EVERETT — A Cascade High School freshman likely was looking for a shortcut home Sunday night when she darted into traffic on I-5.
Not far from the Everett Mall, 15-year-old Haley B. Salvador made it across four lanes of busy southbound traffic. She likely walked through the wooded median strip.
A flurry of 911 calls poured in to emergency dispatchers. It was about 8:45 p.m. and the day’s last light had faded. The drivers who called police said they were concerned about the teenager wandering in freeway traffic.
The girl made a dash across the northbound lanes. Two cars hit her.
Medics couldn’t revive her.
“Absolutely everybody that knew her loved her and is absolutely devastated that she’s gone,” said Chelsea Orias, 15, a classmate and friend of Haley’s.

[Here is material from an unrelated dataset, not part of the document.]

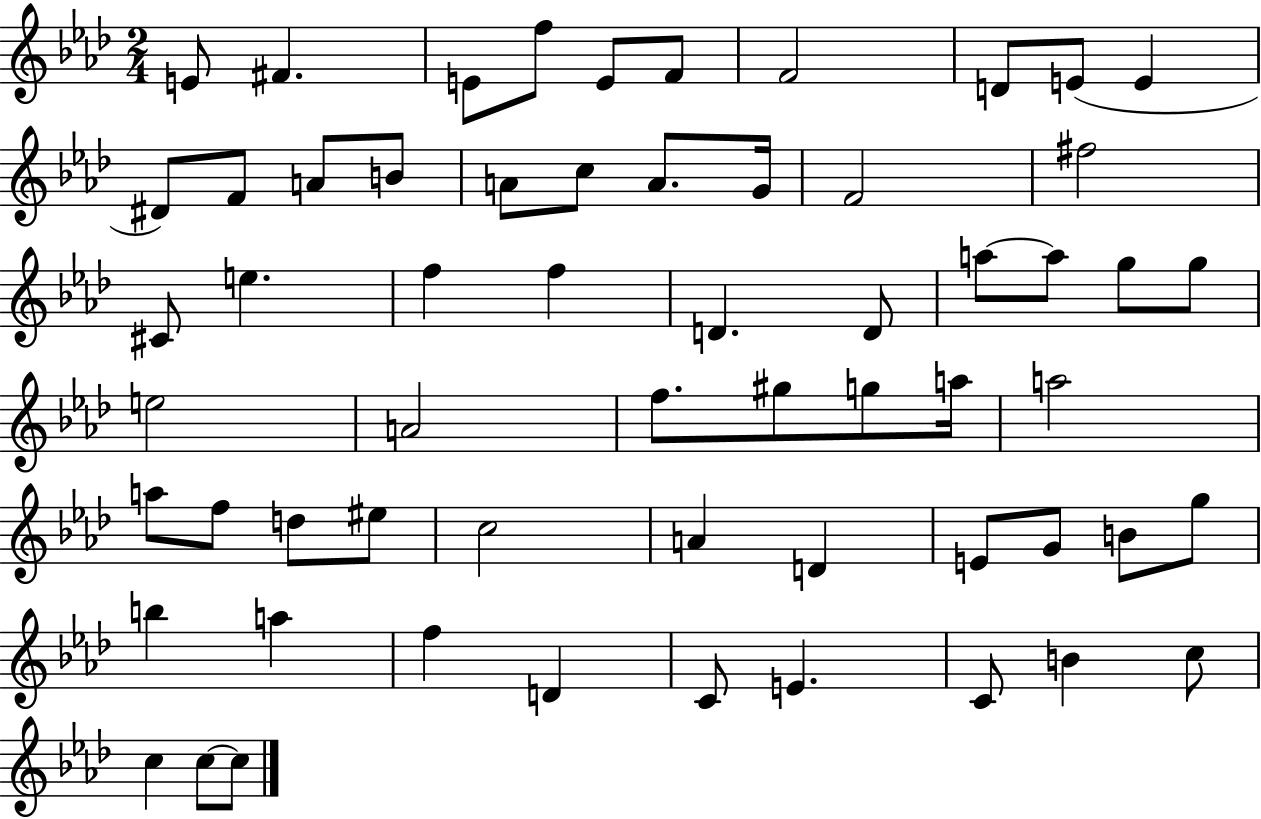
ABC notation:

Haley drew laughter from friends and made people feel better if they were upset, Chelsea said. Haley recently dyed her hair bright pink. She enjoyed raves and telling jokes about martial artist Chuck Norris.
Haley transferred to the Everett School District in January 2008. Before that she attended classes in the Lakewood School District.
“She was one of the most loving people I’ve ever met,” Chelsea said.
The Snohomish County medical examiner on Tuesday ruled Haley’s death an accident. Detectives from the Washington State Patrol continue to investigate, trooper Brandon Lee said.
Chelsea said she’s heard from friends that Haley was trying to take a shortcut.
“Killed just by trying to get home,” Chelsea wrote in a remembrance to her friend posted on heraldnet.com. “It breaks my heart.”
Cascade plans to have counselors available Monday, the day students are scheduled to return from spring break.
“Counselors will be on hand to assist students who need help coping with this tragedy,” said Cathy Woods, Cascade’s principal.
Haley may have been trying to avoid walking out of her way. Her options were to either head north, where she could cross the interstate at the Bothell-Everett Highway, or south to the 112th Street overpass.
Lynn Drake, who studies pedestrian safety for the Washington Traffic Safety Commission, warned of the dangers of freeways.
Teenagers are especially at risk of being hurt crossing roads, Drake said. Their bodies still are developing and they sometimes make poor decisions, not taking into consideration all the risks.
Judging the distance and speed of oncoming vehicles also can be challenging, she said.
In 2007, 22 people died statewide walking along or crossing state routes, according to state Department of Transportation statistics. The age group most at risk was people between the ages of 15 and 19.
In Snohomish County in 2007, three pedestrians were killed, the report said. That’s the most complete data available.
Snohomish County SafeKIDS spokeswoman Kristen Thornstenson said it’s important remind children of the dangers of crossing any road.
“It’s heartbreaking that something like this happened,” she said.
Haley could make anyone fall in love with her by just being herself, Chelsea said.
“Even being in her presence for a mere five minutes and you knew she was a very special and truly extraordinary girl,” she said. “She will be missed by many, many, many people.”